In this computer lab we’re going to try to predict outcomes for AFL football

The technique we will use is very basic—feel free to experiment with others after the lab

The data set we will use is this one

It can be read in as a table using this command:

footy <- read.table("trainingdata.txt", header=T)


The data contains results for AFL games in 2008

For those who don’t know about football, here’s what you need to know for the exercise

• When two teams play, the winner is the team with most points at the end of the game

• Teams usually play either “at home” or “away”
• At home means at the team’s local home ground

In the data set, each row is the outcome of one game

Each row compares the home team against the away team for that game

The data set contains many variables but we will look at only three

• footy$home_team_win: Whether or not the home team won the game • 1 indicates that the home team won, -1 indicates that they lost • footy$lg_home_team_margin: The winning margin of the home team in their previous game
• Measured in points (e.g. lg_home_team_margin = 10 means they won previous game by ten points)
• Negative value indicates that they lost
• footy$lg_away_team_margin: Same as lg_home_team_margin, but for away team We are interested in using lg_home_team_margin and lg_away_team_margin as predictors for who will win the current game.
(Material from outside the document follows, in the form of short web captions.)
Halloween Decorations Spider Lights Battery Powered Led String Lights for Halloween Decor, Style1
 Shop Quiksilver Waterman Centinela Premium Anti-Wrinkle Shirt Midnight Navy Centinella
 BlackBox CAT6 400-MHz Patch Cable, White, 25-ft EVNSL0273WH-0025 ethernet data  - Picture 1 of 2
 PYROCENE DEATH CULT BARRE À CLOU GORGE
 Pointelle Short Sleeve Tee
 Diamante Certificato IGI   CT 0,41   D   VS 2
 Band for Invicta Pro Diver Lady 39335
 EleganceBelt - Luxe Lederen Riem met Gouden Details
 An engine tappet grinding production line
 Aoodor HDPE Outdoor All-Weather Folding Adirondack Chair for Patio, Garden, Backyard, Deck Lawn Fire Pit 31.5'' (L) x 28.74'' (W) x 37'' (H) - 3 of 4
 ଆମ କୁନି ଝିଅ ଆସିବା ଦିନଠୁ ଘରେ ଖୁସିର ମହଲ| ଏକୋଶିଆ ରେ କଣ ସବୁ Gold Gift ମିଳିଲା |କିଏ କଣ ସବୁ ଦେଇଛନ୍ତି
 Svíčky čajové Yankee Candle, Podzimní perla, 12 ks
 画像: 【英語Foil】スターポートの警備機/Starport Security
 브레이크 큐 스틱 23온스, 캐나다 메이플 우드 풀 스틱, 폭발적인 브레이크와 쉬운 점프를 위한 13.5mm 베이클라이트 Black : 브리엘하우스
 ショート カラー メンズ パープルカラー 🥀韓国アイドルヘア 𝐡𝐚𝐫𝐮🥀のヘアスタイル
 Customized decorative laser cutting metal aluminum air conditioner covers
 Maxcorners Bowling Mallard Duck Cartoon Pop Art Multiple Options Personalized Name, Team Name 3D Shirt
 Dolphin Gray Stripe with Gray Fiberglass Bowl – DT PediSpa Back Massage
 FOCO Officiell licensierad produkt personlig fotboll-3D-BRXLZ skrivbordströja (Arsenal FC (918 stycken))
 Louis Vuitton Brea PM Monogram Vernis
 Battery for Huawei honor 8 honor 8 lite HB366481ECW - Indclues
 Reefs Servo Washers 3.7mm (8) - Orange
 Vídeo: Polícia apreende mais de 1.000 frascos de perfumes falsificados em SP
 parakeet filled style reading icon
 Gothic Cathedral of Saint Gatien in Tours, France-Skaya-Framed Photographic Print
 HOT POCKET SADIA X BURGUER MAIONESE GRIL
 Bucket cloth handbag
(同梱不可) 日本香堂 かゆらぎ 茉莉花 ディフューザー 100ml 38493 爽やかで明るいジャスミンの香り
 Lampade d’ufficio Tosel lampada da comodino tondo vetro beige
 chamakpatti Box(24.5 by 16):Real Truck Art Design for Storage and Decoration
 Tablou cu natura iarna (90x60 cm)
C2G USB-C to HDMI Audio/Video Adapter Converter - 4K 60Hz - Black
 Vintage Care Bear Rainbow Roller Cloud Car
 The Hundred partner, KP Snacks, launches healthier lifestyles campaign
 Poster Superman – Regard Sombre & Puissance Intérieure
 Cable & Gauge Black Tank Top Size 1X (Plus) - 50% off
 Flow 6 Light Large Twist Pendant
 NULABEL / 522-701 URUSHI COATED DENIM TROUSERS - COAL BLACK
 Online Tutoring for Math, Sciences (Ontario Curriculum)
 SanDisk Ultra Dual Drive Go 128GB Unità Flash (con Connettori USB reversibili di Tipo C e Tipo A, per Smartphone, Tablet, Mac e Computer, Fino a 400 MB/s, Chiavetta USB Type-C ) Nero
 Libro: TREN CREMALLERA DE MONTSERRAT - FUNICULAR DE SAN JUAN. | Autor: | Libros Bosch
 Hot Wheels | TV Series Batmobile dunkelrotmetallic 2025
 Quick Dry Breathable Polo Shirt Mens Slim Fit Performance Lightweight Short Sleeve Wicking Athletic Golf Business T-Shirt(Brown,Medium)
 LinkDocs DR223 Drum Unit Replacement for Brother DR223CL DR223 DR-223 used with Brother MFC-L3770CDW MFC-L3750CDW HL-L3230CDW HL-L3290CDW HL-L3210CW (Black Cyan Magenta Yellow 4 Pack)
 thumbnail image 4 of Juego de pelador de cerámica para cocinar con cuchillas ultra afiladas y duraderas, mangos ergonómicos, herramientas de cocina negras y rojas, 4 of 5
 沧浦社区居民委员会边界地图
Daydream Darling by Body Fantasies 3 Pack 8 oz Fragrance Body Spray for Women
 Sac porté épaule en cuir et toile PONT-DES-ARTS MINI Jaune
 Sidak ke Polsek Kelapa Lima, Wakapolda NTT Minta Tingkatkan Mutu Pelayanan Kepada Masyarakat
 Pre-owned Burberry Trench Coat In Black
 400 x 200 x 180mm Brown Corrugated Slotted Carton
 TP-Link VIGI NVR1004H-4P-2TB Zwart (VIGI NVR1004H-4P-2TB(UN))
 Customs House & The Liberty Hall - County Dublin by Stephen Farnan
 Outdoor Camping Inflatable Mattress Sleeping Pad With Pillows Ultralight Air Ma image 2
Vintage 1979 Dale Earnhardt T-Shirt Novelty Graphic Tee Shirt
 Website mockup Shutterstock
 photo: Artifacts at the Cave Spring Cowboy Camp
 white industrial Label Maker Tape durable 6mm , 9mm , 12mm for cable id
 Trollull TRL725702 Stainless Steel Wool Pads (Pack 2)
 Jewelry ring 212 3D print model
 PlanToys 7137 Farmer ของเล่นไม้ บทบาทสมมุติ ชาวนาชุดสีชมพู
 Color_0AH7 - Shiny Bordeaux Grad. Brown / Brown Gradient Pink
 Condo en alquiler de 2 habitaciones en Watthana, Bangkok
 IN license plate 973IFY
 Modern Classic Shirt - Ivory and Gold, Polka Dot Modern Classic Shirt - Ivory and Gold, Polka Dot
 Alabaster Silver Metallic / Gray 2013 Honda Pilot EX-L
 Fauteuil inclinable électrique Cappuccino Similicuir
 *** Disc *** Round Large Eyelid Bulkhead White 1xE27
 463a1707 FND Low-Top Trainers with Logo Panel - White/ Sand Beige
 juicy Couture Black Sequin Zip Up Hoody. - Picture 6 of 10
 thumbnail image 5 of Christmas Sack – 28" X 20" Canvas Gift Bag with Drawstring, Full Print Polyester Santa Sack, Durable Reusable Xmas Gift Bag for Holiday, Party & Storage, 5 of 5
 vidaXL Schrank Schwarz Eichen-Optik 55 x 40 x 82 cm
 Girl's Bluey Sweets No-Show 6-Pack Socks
For starters let’s, look at the data: • On the x-axis is lg_home_team_margin, while on the y-axis is lg_away_team_margin • The data points (circles) correspond to the value of these variables for each game • Black circles indicate that the home team won the current game, red circles indicate that they lost To understand the figure, consider a point in the south east corner. South east means that the home team did well in their previous game, and the away team did badly. In this situation, we might expect that the home team would win the current game, and the circle would be black. Hence, we would expect black circles in the south east, and red circles in the north west. This seems like it might be the average case, although the relationship is actually not very clear. The code for producing the figure is below. Please run it. footy <- read.table("data/trainingdata.txt", header=T) x2 <- footy$lg_home_team_margin
x3 <- footy$lg_away_team_margin Y <- footy$home_team_win

# Black are winners, reds are losers
plot(x2[Y == 1], x3[Y == 1], col="black",
xlab="Home team margin, previous game",
ylab="Away team margin, previous game",
main="Outcomes for home team")
points(x2[Y == -1], x3[Y == -1], col="red")
legend(-135, -100, c("win","loss"), col=c("black","red"), pch=c(21, 21))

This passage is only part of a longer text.